Actually, it was on purpose. Las Vegas’s casino developers may have been slavishly dependent on outdated architectural motifs, but their modernist detractors were slavishly dependent on utopian doctrines. At one point, Venturi calls these doctrines “progressive, if not revolutionary, utopian, and puristic”; at another he mentions Modernism’s “reformist-progressive social and industrial aims.” It is clear throughout that he is looking for a polite way to say “authoritarian”:

Revolutionary eras are given to didactic symbolism and to the propagandistic use of architecture to promote revolutionary aims. This is as true for the symbolism of today’s ghetto rebuilders (African militant or middle-class conservative) as it was for the Romantic Roman republican symbolism of revolutionary France.

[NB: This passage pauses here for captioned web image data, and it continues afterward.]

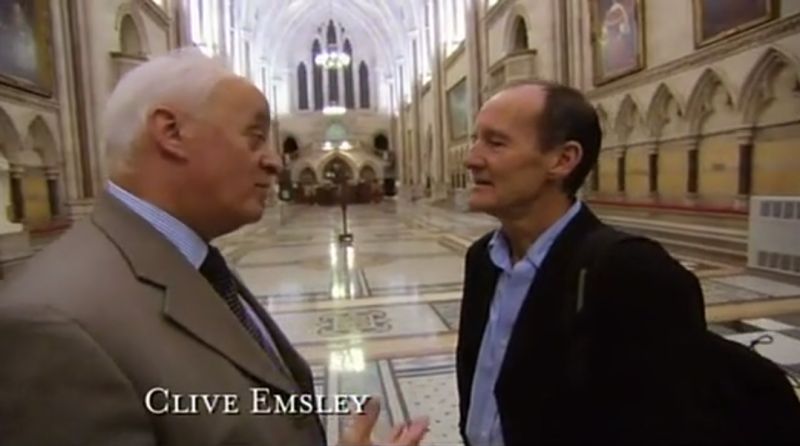 File:2009-the-search-for-sherlock-holmes-clive-emsley.jpg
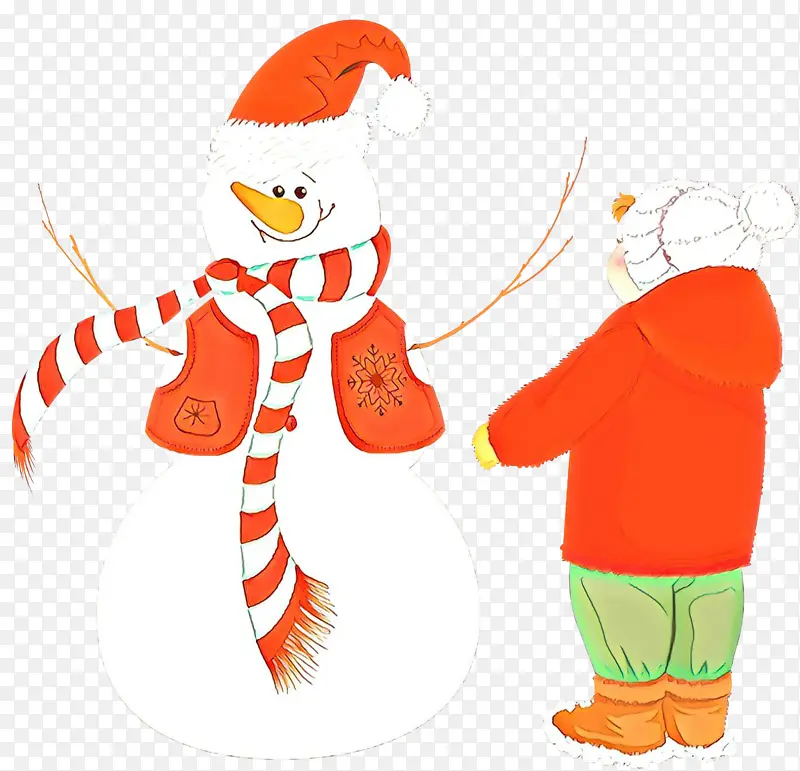 ��ɫ-������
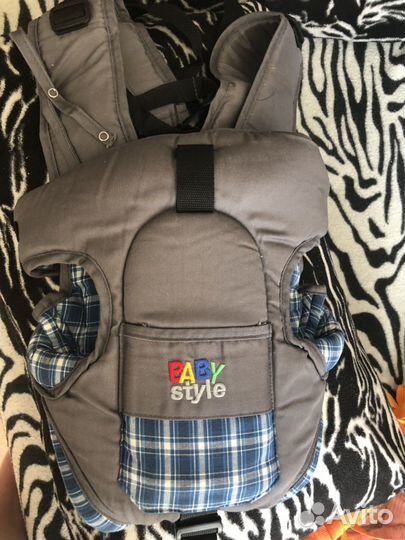 Детские вещи прыгунки, кенгурятник рюкзак детский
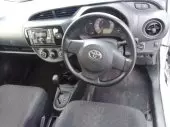 interiorFront
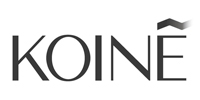 Koine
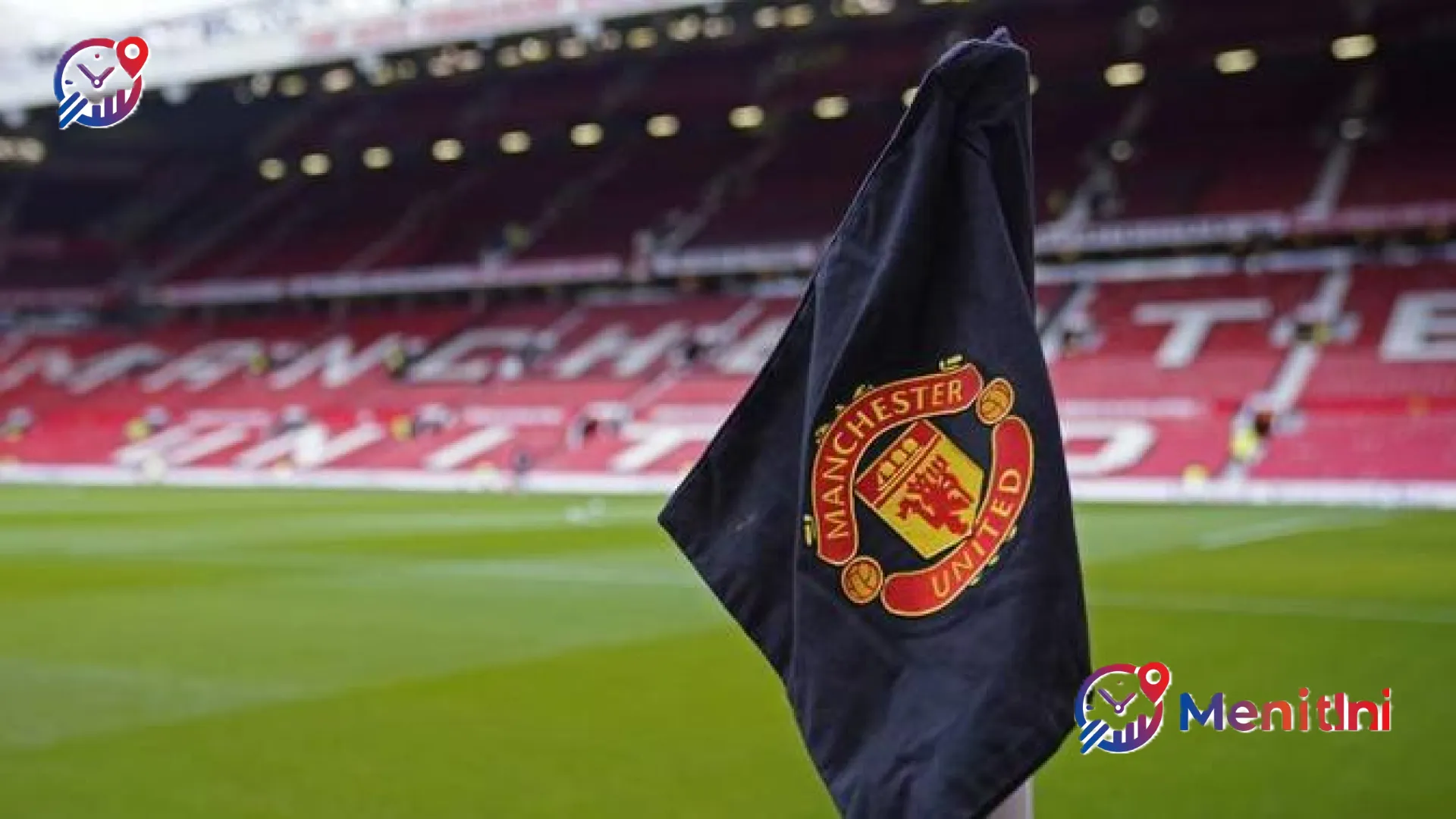 Perpisahan Penuh Haru: Rasmus Hojlund Resmi Dipermanenkan Napoli, Mimpi di Manchester United Berakhir Sudah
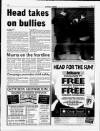 Anfield & Walton Star Thursday 23 January 1997 Page 3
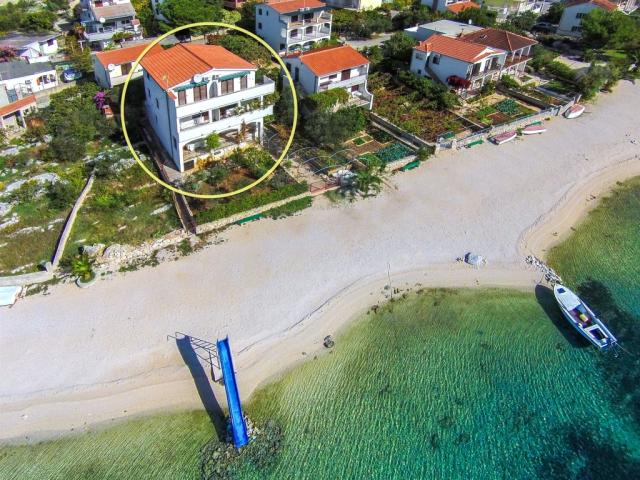 Kovačevič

Modernist architecture does not give us new ways of seeing. It is an impoverishment, in fact. It ignores a varied cultural vocabulary accumulated over the centuries, because that vocabulary might endanger Modernism’s political purpose. As a project, it resembles Kemal Atatürk’s purging of the Turkish language to eliminate words with Persian, Arabic, or European roots.

The case can be made that Venturi is merely advancing a phony dissent of the sort that John Kenneth Galbraith mocked in academic social-science departments, where “considerable store is set by the device of putting an old truth in a new form, and minor heresies are much cherished.” Tom Wolfe took this view of Venturi’s own building designs in his 1981 lament over modern architecture, From Bauhaus to Our House. “If he was departing from modernism,” Wolfe wrote, “he was backing off gingerly.”

Venturi’s departures from modernist orthodoxy were indeed more timid than his theoretical pronouncements. He was a respecter of progressive taboos. He and his partner Denise Scott Brown were given to denouncing as sexists those critics who did not give her full credit as a coauthor of Learning from Las Vegas. (So please understand “Venturi” in the foregoing to mean “Venturi et al.”!) They also occasionally backpedaled, unsaying some of their strongest criticism. “Because we have criticized Modern architecture,” they wrote near the book’s beginning, “it is proper here to state our intense admiration of its early period when its founders, sensitive to their own times, proclaimed the right revolution.” (Not just admiration but “intense” admiration for the “right revolution.”)

This, of course, is the way many Hungarian, Czech, and East German dissidents talked in the 1980s. To ask for more, as Wolfe and others did, was to ask an awful lot of Venturi. If Venturi could not come out and declare himself an enemy of the revolution all at once, that may be a testament to the revolution’s power, rather than his own pusillanimity. The boy who says the emperor has no clothes does a service even if he has no “blueprint for governance.”

Venturi et al. professed themselves shocked at being compared (as they frequently were) to Nixonites: “One does not have to agree with hard-hat politics,” they wrote, “to support the rights of the middle-middle-class to their own architectural aesthetics.” No, one doesn’t, but Venturi’s critics were not stupid. They saw that his dissent, small though it appeared to outsiders, was the maximum dissent feasible. Venturi was suggesting that the ideas of the modernists had become involuted, illogical, and monumentally arrogant, and that the general public, choosing in a slapdash way and for the crassest possible reasons, could be trusted to do no worse. There was, indeed, something Nixonian about Learning from Las Vegas, or at least reminiscent of those 1970s conservatives who swore they would rather be ruled by the first 200 names in the Boston telephone book than the Harvard faculty. They would not have disagreed that 200 random property developers in Las Vegas could build a more humane and habitable environment than the faculty of the Yale School of Art and Architecture.